TABLE OF CONTENTS INTRODUCTION I. A FRAMEWORK FOR UNDERSTANDING THE SIGNIFICANCE OF AEDPA's "[A]s DETERMINED BY THE SUPREME COURT" PROVISION--THE RISE AND DECLINE OF "DIALECTICAL FEDERALISM" II. AEDPA's "[A]s DETERMINED BY THE SUPREME COURT" PROVISION--THE END OF "DIALECTICAL FEDERALISM" AND ITS IMPACT ON THE DEVELOPMENT OF CONSTITUTIONAL LAW A. AEDPA and the End of "Dialectical Federalism". B. The Future of Doctrinal Development After AEDPA III. WHERE DO THE SUPREME COURT'S CASES COME FROM? A. The Supreme Court's Certiorari-Granting Behavior B. Practitioners' Certiorari-Seeking Behavior IV. REPRESENTATION IN SEEKING CERTIORARI FROM STATE COURT JUDGMENTS A. Defender Certiorari Survey B. Provision of Counsel to State Prisoners Seeking Certiorari CONCLUSION INTRODUCTION
Since its passage in 1996, the Antiterrorism and Effective Death Penalty Act (AEDPA) (1) has attracted considerable attention for its impact on the availability of federal habeas corpus remedies for state prisoners. Legal scholars have written about AEDPA's impact on separation of powers, (2) federalism, (3) and the effectiveness of the Great Writ. (4) Empirical work also has documented AEDPA's effects on habeas litigation in the federal courts. (5)

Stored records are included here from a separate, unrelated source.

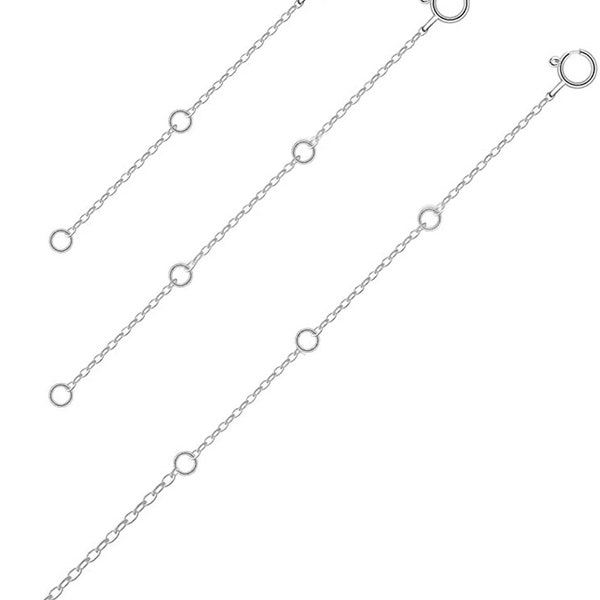 Extender for Perfect Fit Necklaces, 14K Solid Gold Extender, 2-3-4-5 inches Options, Yellow Gold, White Gold, Rose Gold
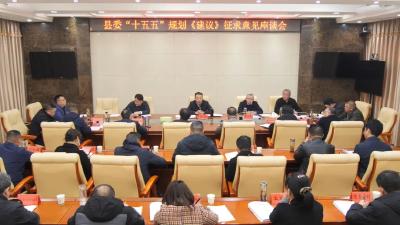 陈栋主持召开县委“十五五”规划建议征求意见座谈会
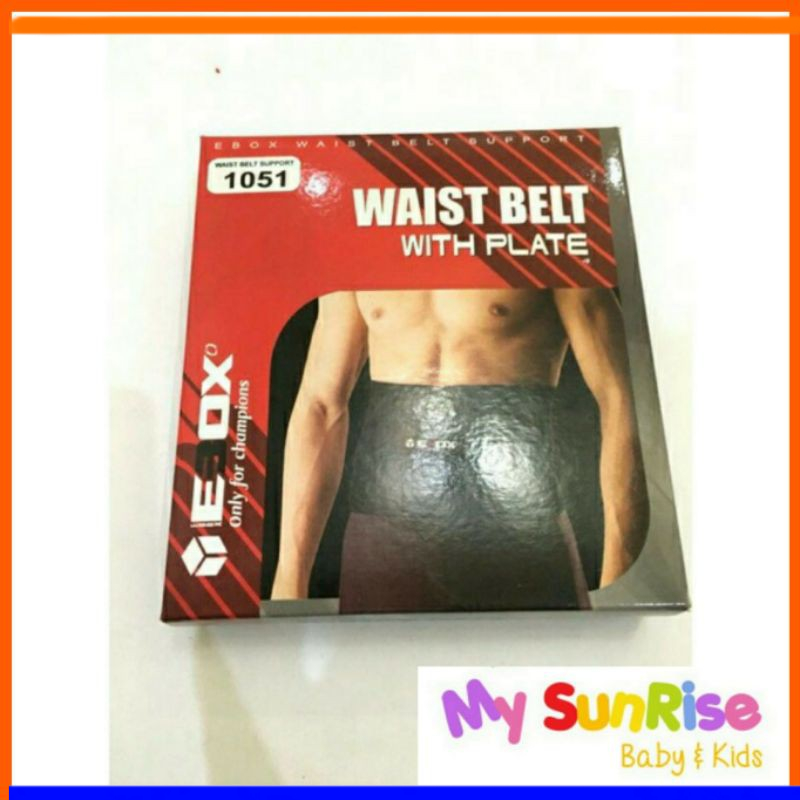 Korset / Waist Belt / Stagen / Deker Perut EBOX 1051 Dengan Plate / Plat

We set out to understand the provision of AEDPA that prohibits federal habeas courts reviewing state court judgments from considering decisions other than those of the United States Supreme Court in determining whether the state court judgment adequately comports with federal law:
An application for a writ of habeas corpus on behalf of a person in custody pursuant to the judgment of a State court shall not be granted with respect to any claim that was adjudicated on the merits in State court proceedings unless the adjudication of the claim ... resulted in a decision that was contrary to, or involved an unreasonable application of, clearly established Federal law, as determined by the Supreme Court of the United States. (6) This provision not only increases the importance of Supreme Court precedent--and limits the value of lower federal court decisions--but also greatly heightens the significance of the procedural vehicle in which questions are presented to the Court. Because AEDPA limits the Court's ability to "break  new ground" in cases arising from federal habeas petitions, (7) cutting edge questions must be presented in petitions for a writ of certiorari from the judgments of state courts if federal constitutional law is to continue to develop in state criminal proceedings. Last term, four justices of the Supreme Court recognized this new reality in their dissent in Lawrence v. Florida. (8) They wrote that the pre-AEDPA sentiment that "federal habeas proceedings were generally the more appropriate avenue for our consideration of federal constitutional claims" was no longer true in light of AEDPA's "as determined by the Supreme Court" provision. (9) "Since AEDPA," they explained, "our consideration of state habeas petitions has become more pressing." (10)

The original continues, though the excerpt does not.